Data extract:
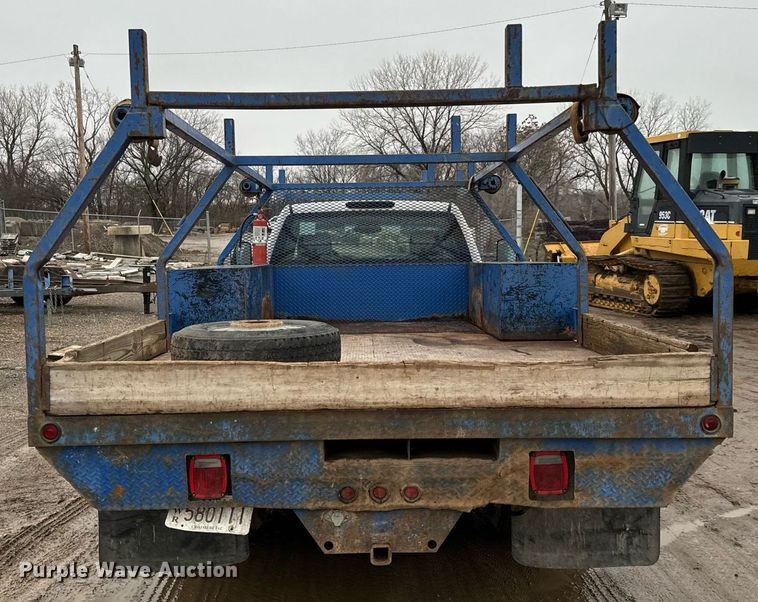 image for item NN9434 2007 GMC Sierra 3500HD utility bed pickup truck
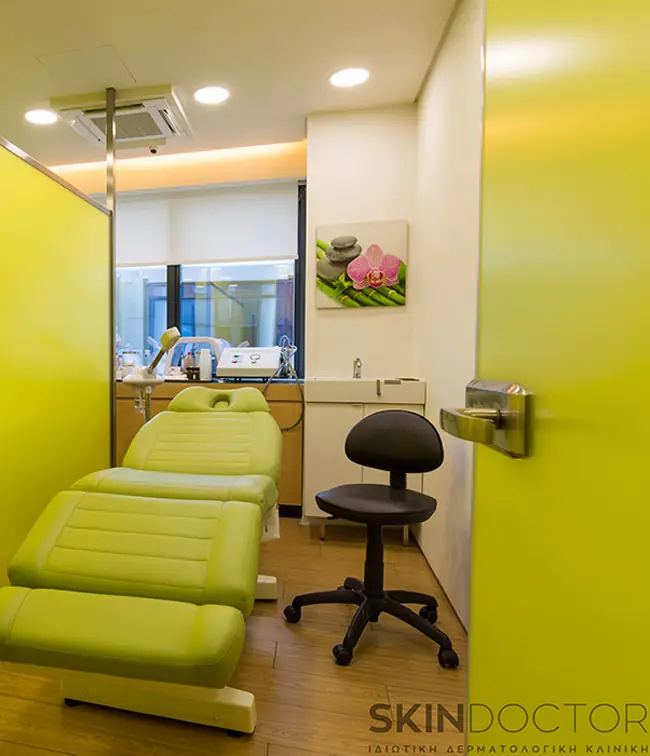 Αίθουσα φροντίδας της SkinDoctor με πράσινη πολυθρόνα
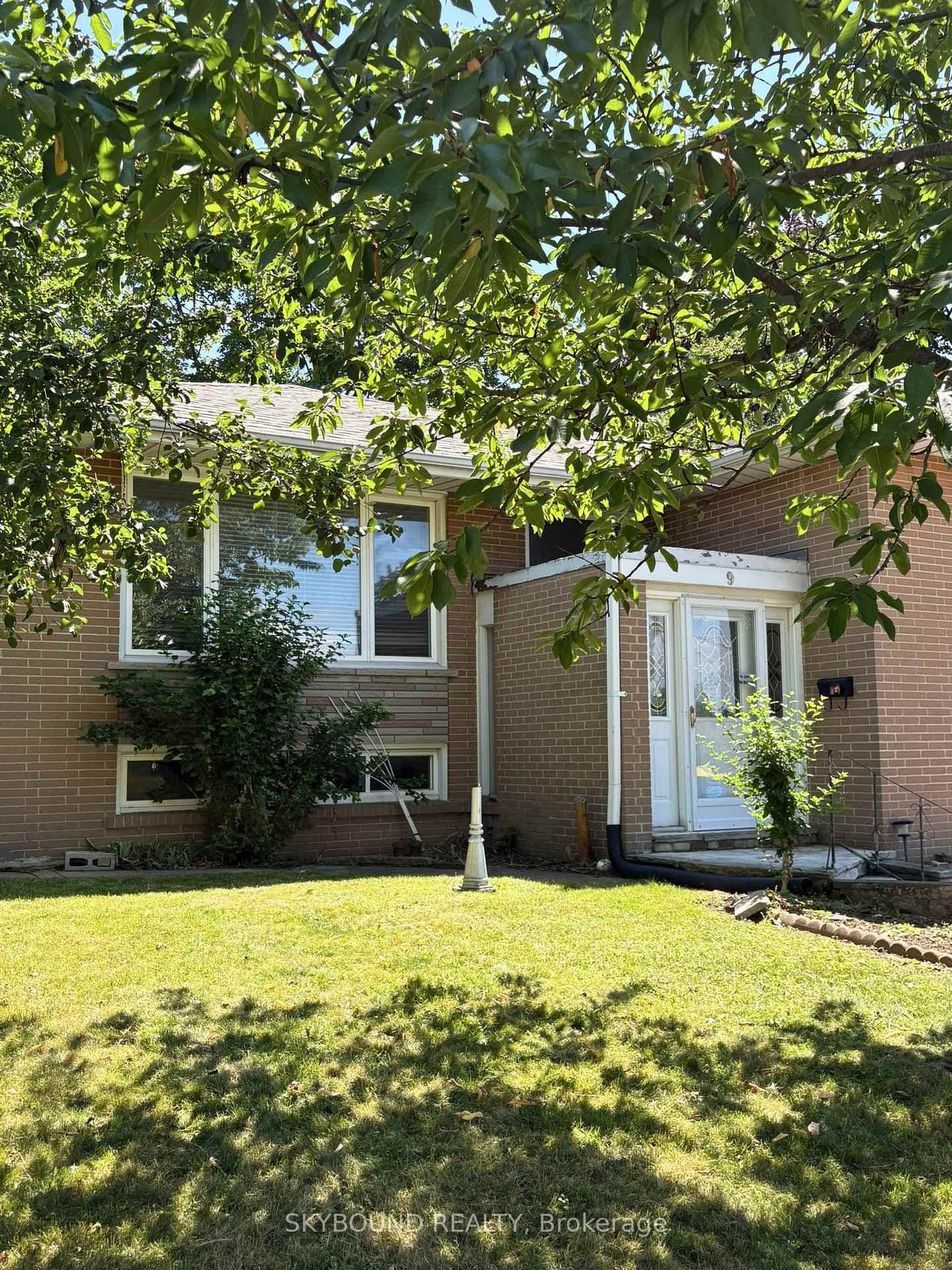 9 Caronport Crescent thumbnail 3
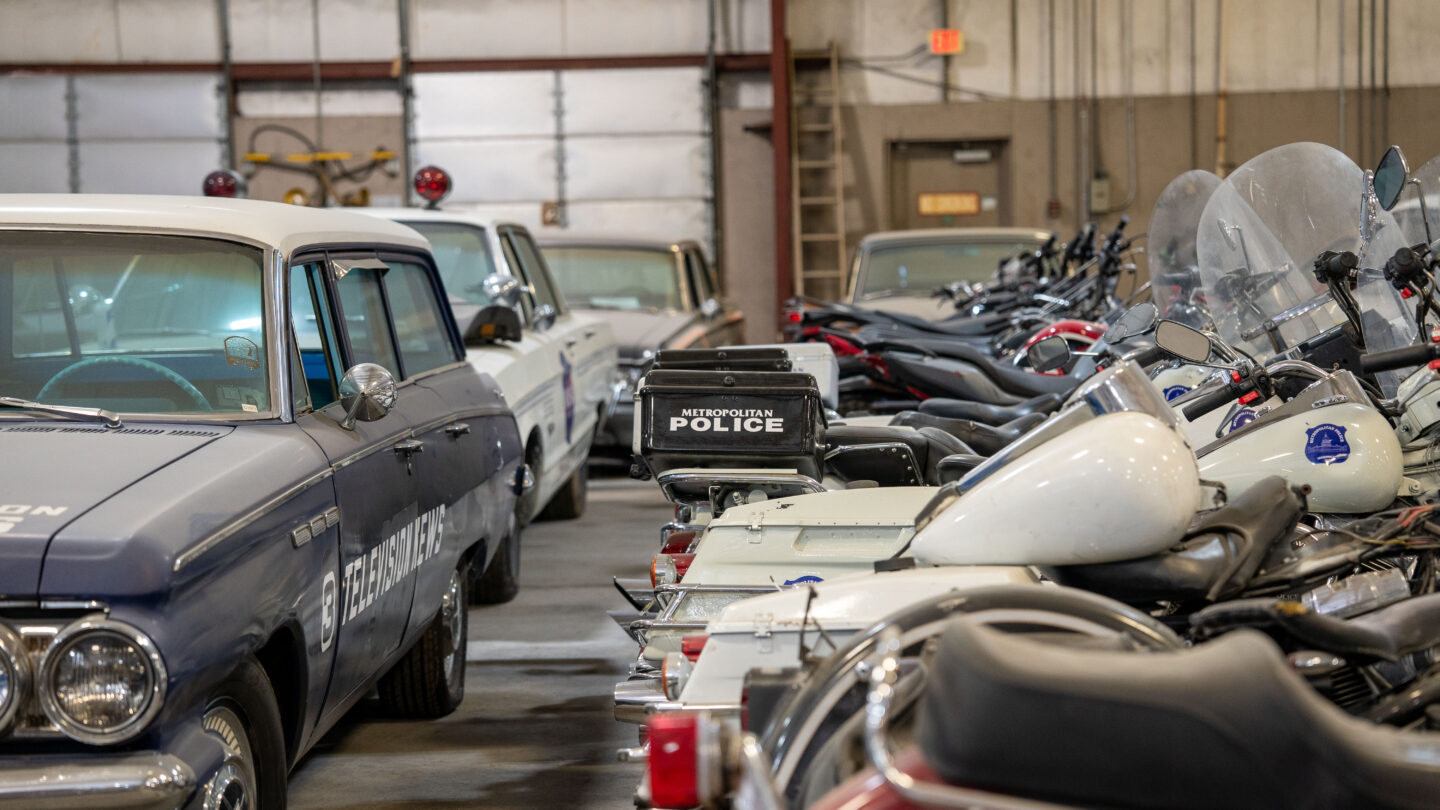 Garage wtih old cars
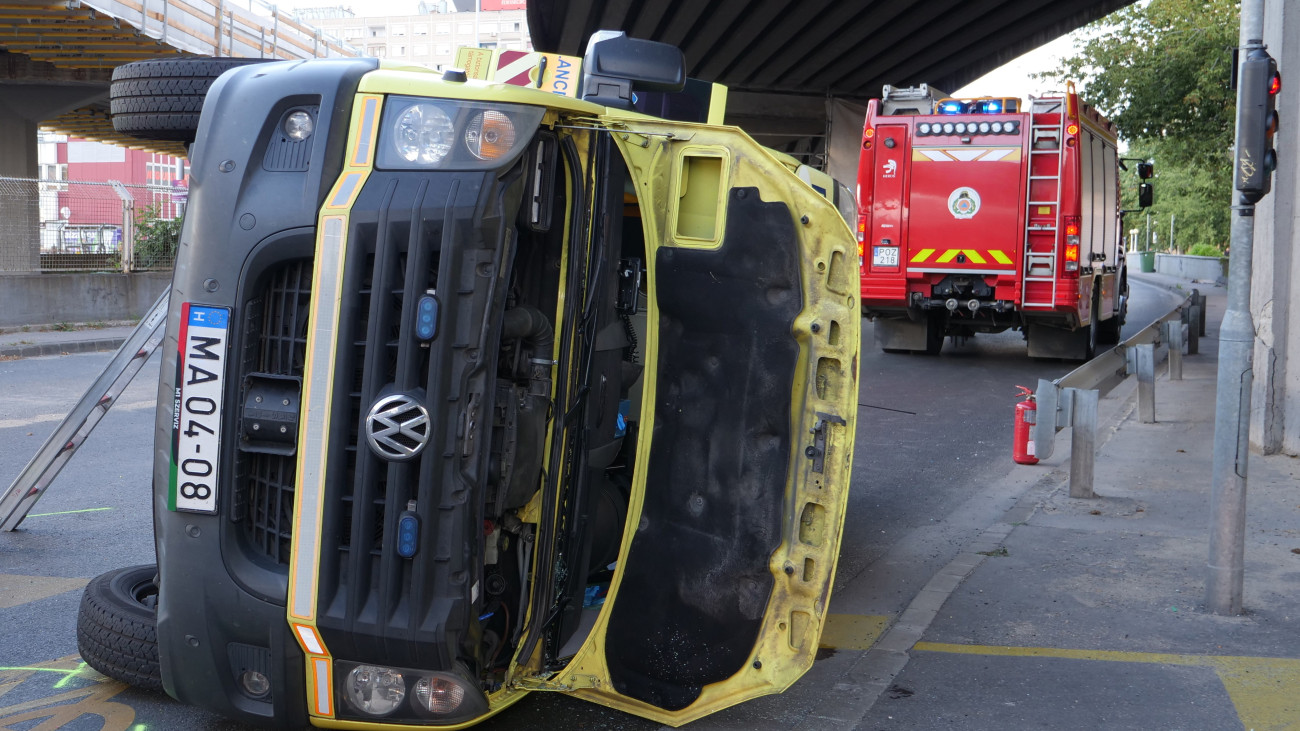 Felborult mentőautó, miután személygépkocsival ütközött a Flórián téri felüljáró alatt 2025. augusztus 22-én. A balesetben ketten könnyebb sérüléseket szenvedtek.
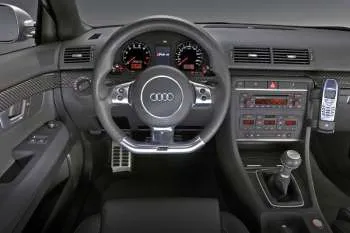 Audi RS4 Cabriolet (2006 – 2008) – fotka 10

Your assignment: Retype only the lines from the line with "Αίθουσα φροντίδας της" through the last line of the data. Keep both ends and skip the pictures.

Exercise output:
 Αίθουσα φροντίδας της SkinDoctor με πράσινη πολυθρόνα
 9 Caronport Crescent thumbnail 3
 Garage wtih old cars
 Felborult mentőautó, miután személygépkocsival ütközött a Flórián téri felüljáró alatt 2025. augusztus 22-én. A balesetben ketten könnyebb sérüléseket szenvedtek.
 Audi RS4 Cabriolet (2006 – 2008) – fotka 10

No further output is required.